MATERIAL PROVIDED START

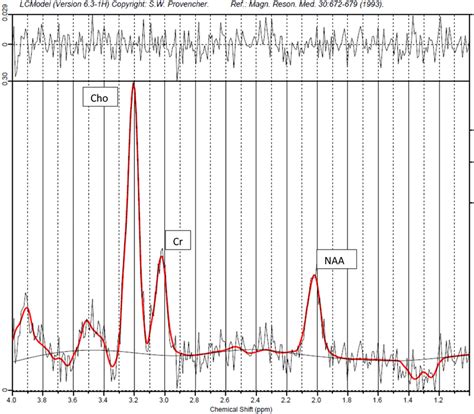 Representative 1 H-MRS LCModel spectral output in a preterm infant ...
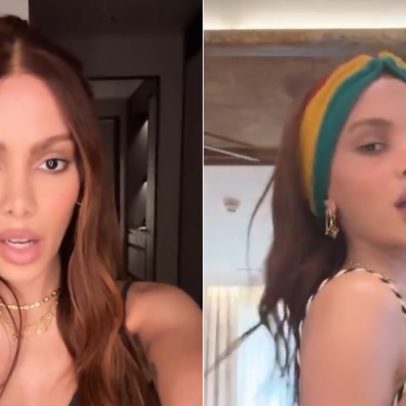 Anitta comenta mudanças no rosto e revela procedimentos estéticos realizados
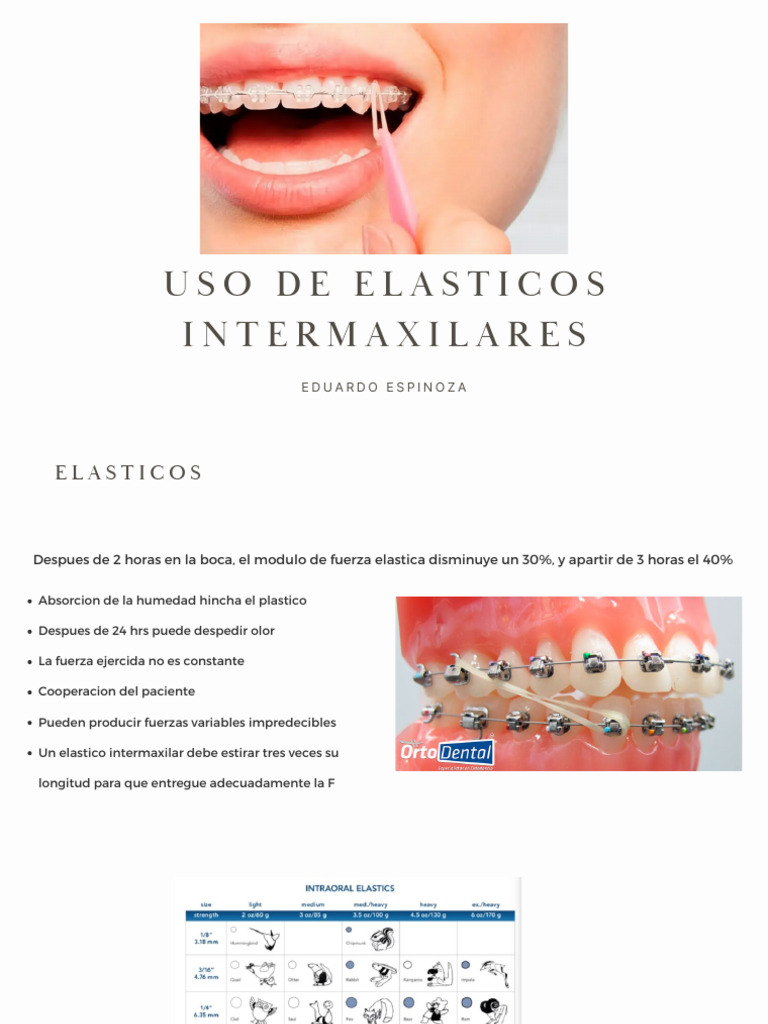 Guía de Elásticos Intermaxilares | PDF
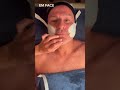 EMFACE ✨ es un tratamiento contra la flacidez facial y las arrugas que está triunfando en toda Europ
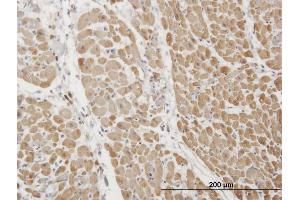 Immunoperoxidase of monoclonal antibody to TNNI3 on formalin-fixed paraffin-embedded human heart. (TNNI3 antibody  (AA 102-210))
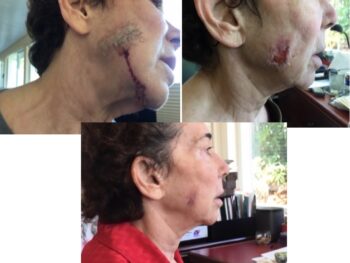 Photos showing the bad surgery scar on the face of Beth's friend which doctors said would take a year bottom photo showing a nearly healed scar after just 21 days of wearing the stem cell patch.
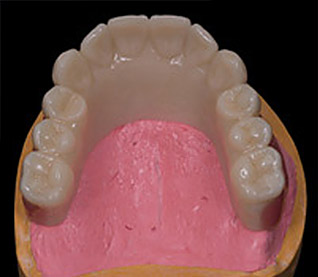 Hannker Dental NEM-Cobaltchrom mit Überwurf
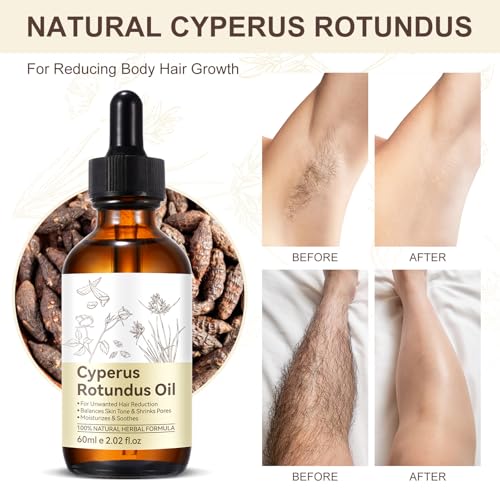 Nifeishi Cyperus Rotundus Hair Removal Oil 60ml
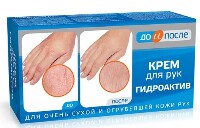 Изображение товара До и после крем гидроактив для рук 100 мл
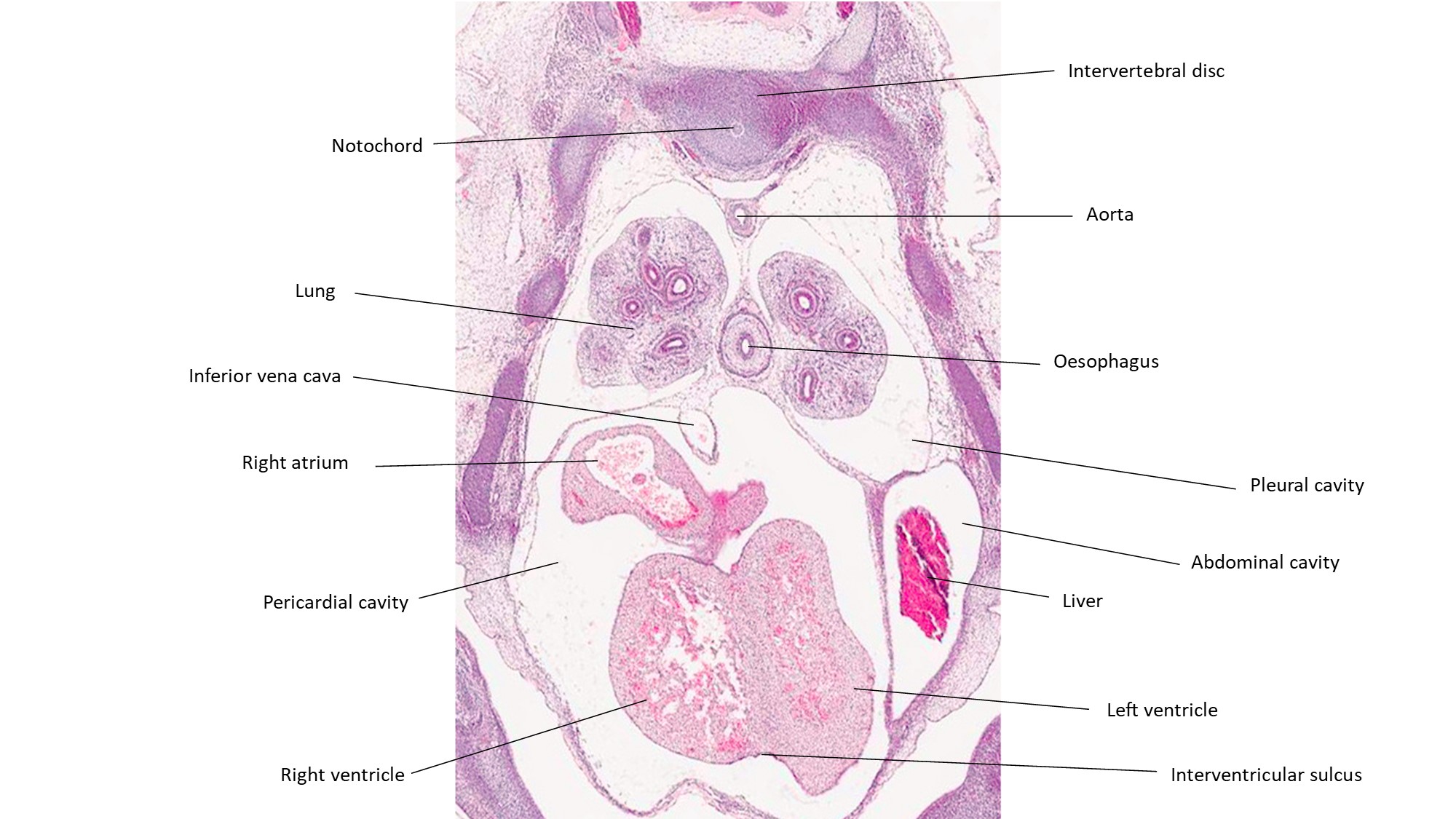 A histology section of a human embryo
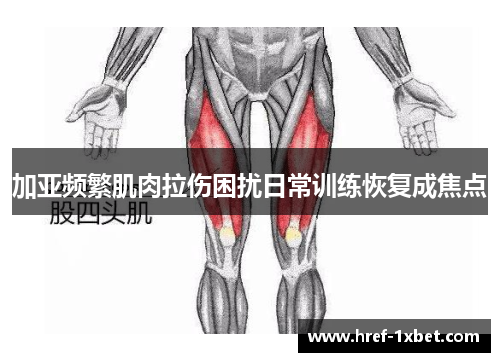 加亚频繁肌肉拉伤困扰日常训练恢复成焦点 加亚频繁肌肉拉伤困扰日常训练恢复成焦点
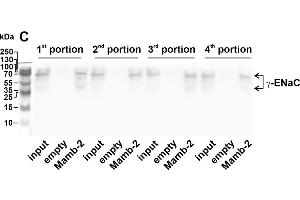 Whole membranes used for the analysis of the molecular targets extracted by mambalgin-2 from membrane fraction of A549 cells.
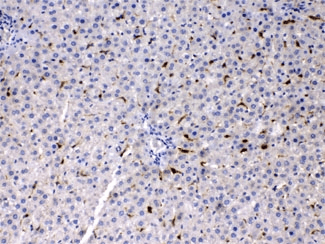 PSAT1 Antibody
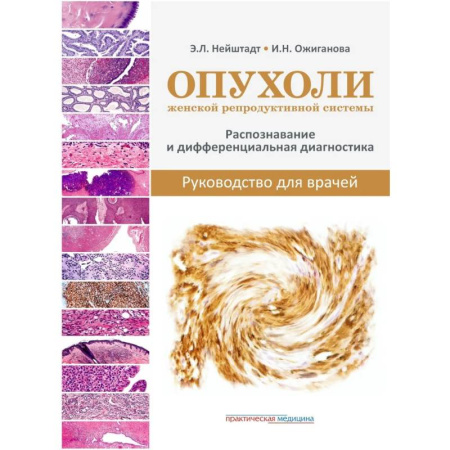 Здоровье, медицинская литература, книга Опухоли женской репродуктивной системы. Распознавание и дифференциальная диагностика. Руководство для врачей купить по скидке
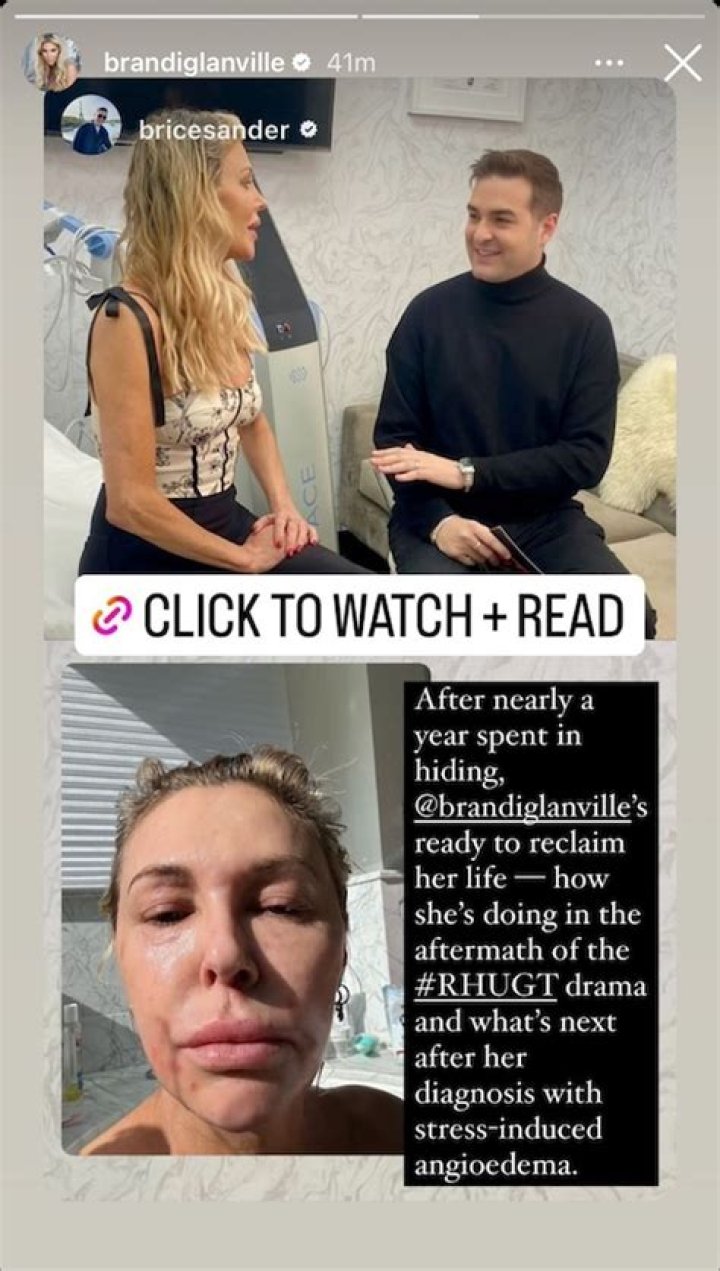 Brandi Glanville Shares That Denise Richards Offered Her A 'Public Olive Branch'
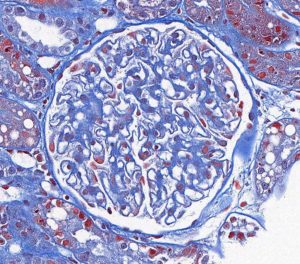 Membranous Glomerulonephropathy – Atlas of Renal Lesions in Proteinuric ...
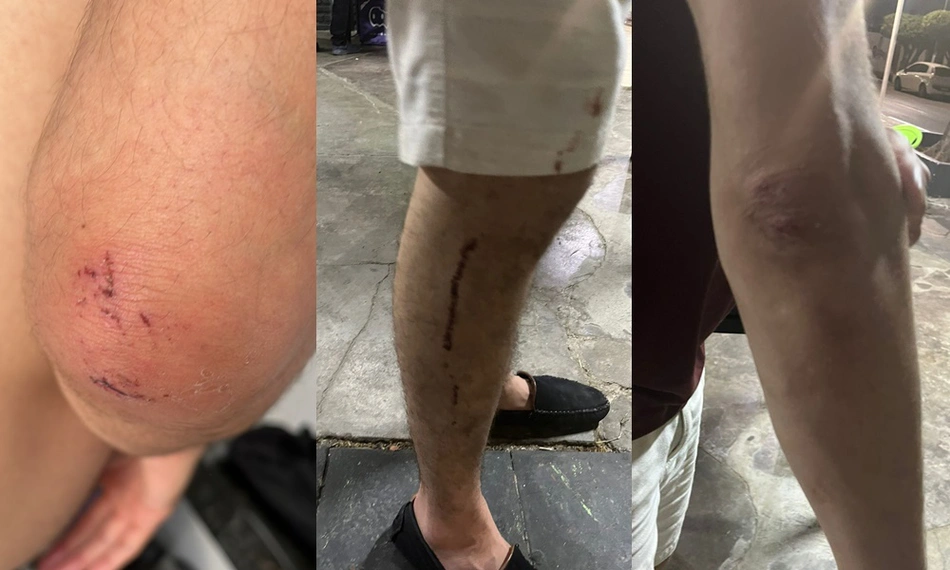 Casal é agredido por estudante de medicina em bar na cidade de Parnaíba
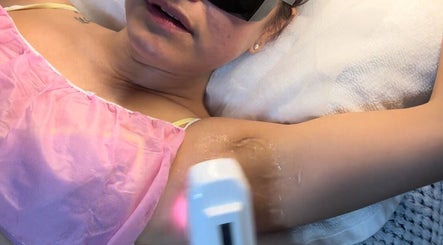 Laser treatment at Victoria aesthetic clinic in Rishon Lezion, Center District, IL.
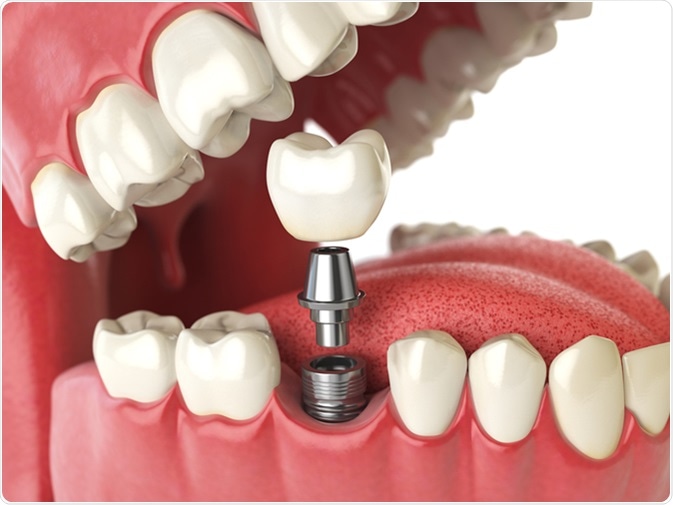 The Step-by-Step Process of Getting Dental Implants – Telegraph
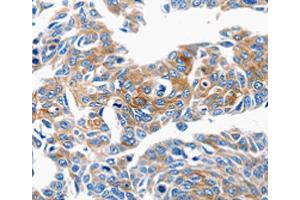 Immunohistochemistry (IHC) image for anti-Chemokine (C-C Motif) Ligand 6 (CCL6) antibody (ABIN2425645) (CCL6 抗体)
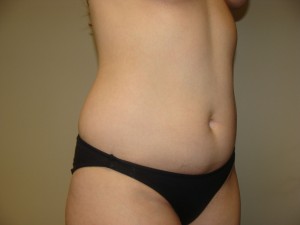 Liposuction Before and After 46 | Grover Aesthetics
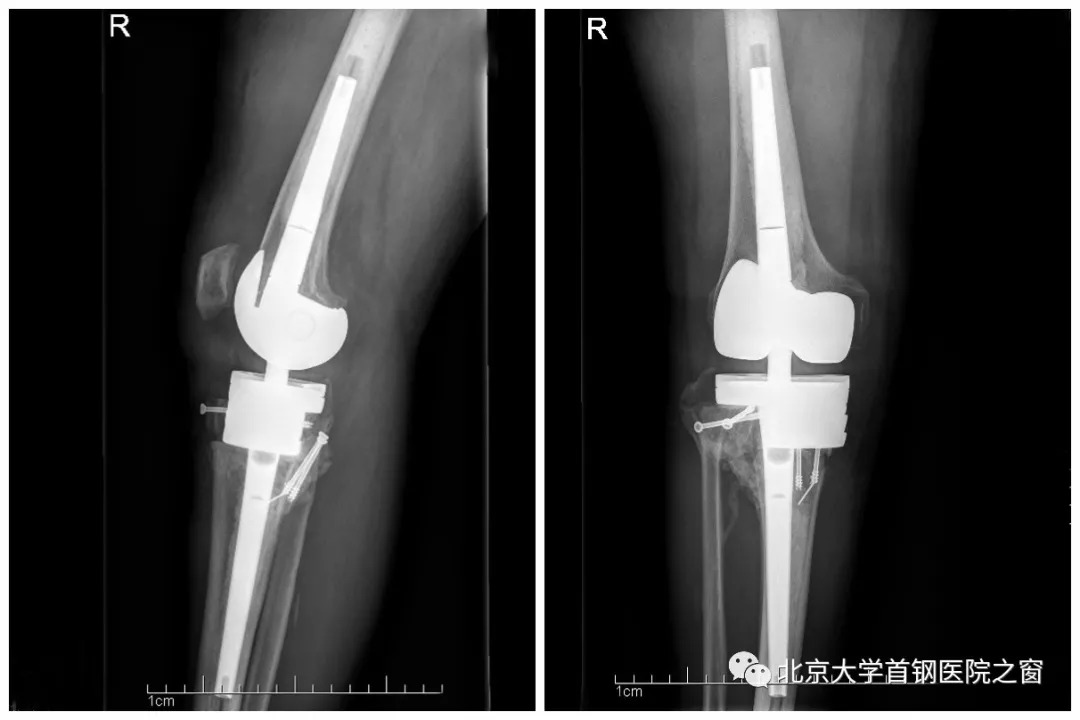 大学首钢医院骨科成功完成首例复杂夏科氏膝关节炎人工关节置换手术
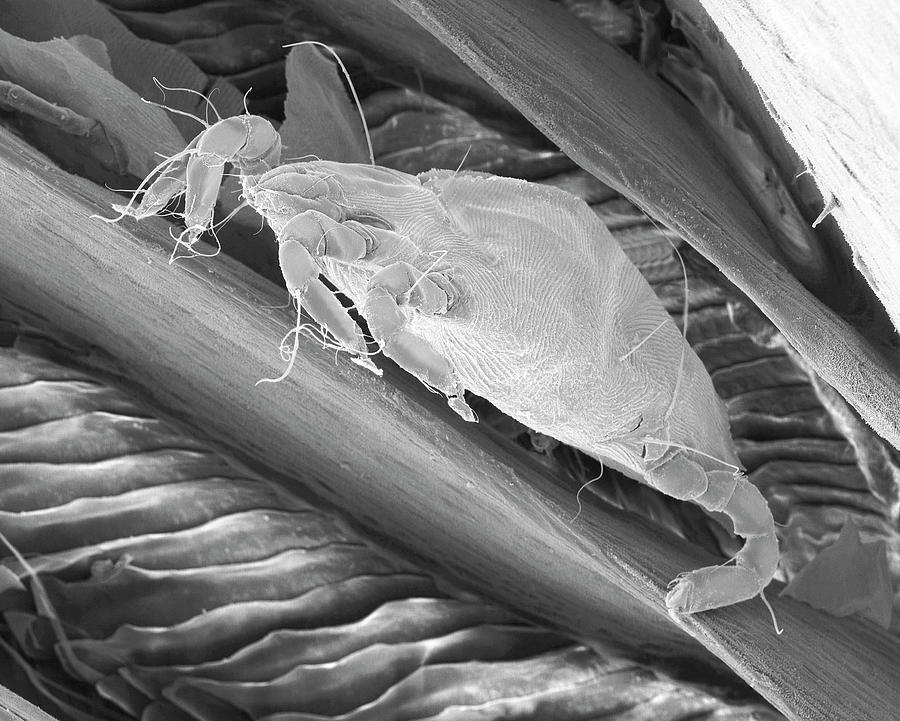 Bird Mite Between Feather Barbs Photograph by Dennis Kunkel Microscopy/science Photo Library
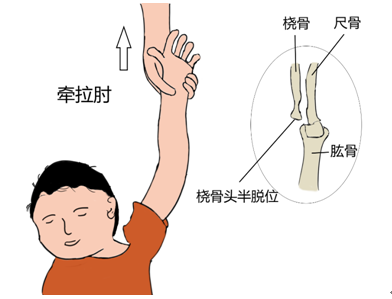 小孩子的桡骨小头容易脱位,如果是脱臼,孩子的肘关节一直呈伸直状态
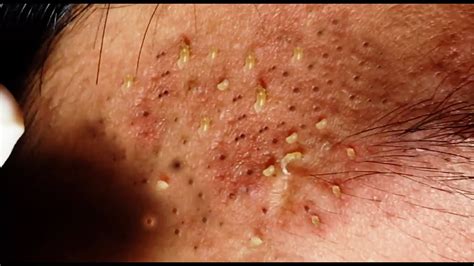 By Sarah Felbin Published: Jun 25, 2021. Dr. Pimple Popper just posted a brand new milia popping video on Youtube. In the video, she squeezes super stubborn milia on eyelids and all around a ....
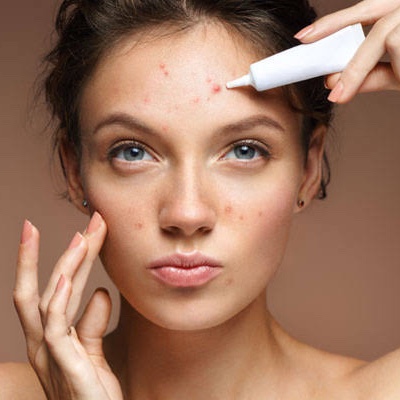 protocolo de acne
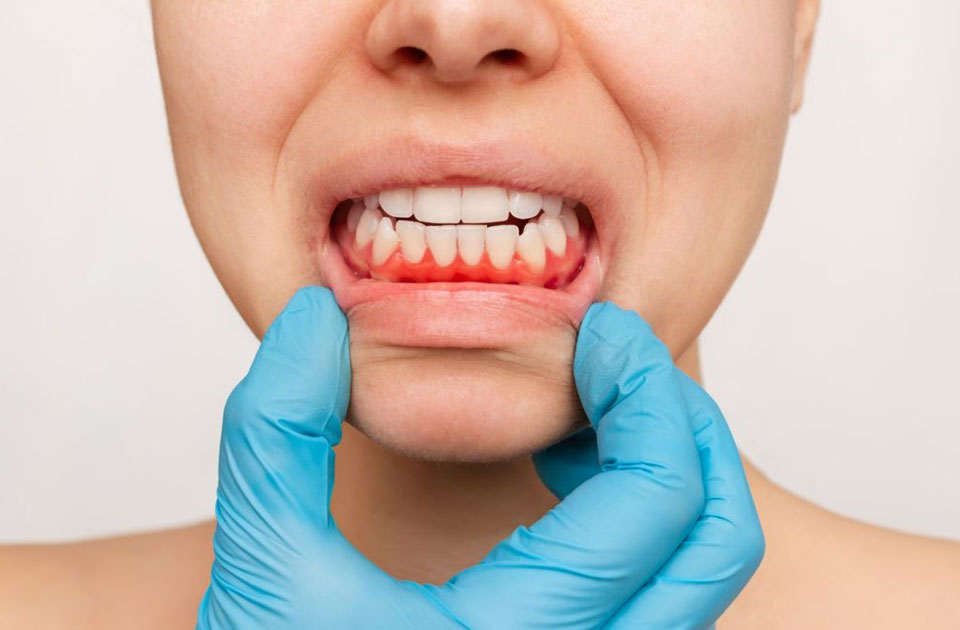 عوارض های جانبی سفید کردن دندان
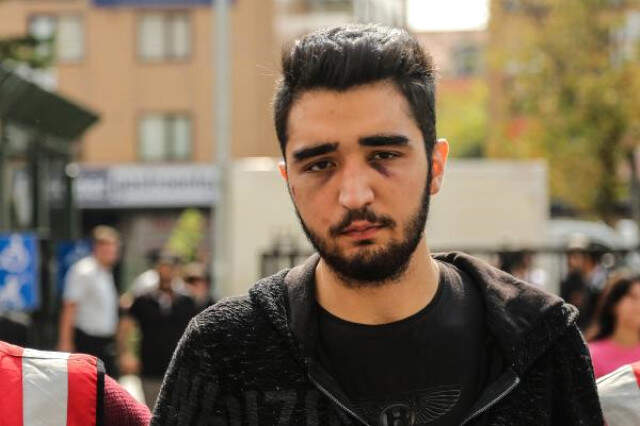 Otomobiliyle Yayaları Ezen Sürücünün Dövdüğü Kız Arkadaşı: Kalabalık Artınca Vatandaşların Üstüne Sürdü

MATERIAL PROVIDED END

WHAT YOU ARE ASKED TO DO
Set down the full listing above with its wording unchanged. Leave out its images.

TASK RESULT
 Representative 1 H-MRS LCModel spectral output in a preterm infant ...
 Anitta comenta mudanças no rosto e revela procedimentos estéticos realizados
 Guía de Elásticos Intermaxilares | PDF
 EMFACE ✨ es un tratamiento contra la flacidez facial y las arrugas que está triunfando en toda Europ
 Immunoperoxidase of monoclonal antibody to TNNI3 on formalin-fixed paraffin-embedded human heart. (TNNI3 antibody  (AA 102-210))
 Photos showing the bad surgery scar on the face of Beth's friend which doctors said would take a year bottom photo showing a nearly healed scar after just 21 days of wearing the stem cell patch.
 Hannker Dental NEM-Cobaltchrom mit Überwurf
 Nifeishi Cyperus Rotundus Hair Removal Oil 60ml
 Изображение товара До и после крем гидроактив для рук 100 мл
 A histology section of a human embryo
 加亚频繁肌肉拉伤困扰日常训练恢复成焦点 加亚频繁肌肉拉伤困扰日常训练恢复成焦点
 Whole membranes used for the analysis of the molecular targets extracted by mambalgin-2 from membrane fraction of A549 cells.
 PSAT1 Antibody
 Здоровье, медицинская литература, книга Опухоли женской репродуктивной системы. Распознавание и дифференциальная диагностика. Руководство для врачей купить по скидке
 Brandi Glanville Shares That Denise Richards Offered Her A 'Public Olive Branch'
 Membranous Glomerulonephropathy – Atlas of Renal Lesions in Proteinuric ...
 Casal é agredido por estudante de medicina em bar na cidade de Parnaíba
 Laser treatment at Victoria aesthetic clinic in Rishon Lezion, Center District, IL.
 The Step-by-Step Process of Getting Dental Implants – Telegraph
 Immunohistochemistry (IHC) image for anti-Chemokine (C-C Motif) Ligand 6 (CCL6) antibody (ABIN2425645) (CCL6 抗体)
 Liposuction Before and After 46 | Grover Aesthetics
 大学首钢医院骨科成功完成首例复杂夏科氏膝关节炎人工关节置换手术
 Bird Mite Between Feather Barbs Photograph by Dennis Kunkel Microscopy/science Photo Library
 小孩子的桡骨小头容易脱位,如果是脱臼,孩子的肘关节一直呈伸直状态
 By Sarah Felbin Published: Jun 25, 2021. Dr. Pimple Popper just posted a brand new milia popping video on Youtube. In the video, she squeezes super stubborn milia on eyelids and all around a ....
 protocolo de acne
 عوارض های جانبی سفید کردن دندان
 Otomobiliyle Yayaları Ezen Sürücünün Dövdüğü Kız Arkadaşı: Kalabalık Artınca Vatandaşların Üstüne Sürdü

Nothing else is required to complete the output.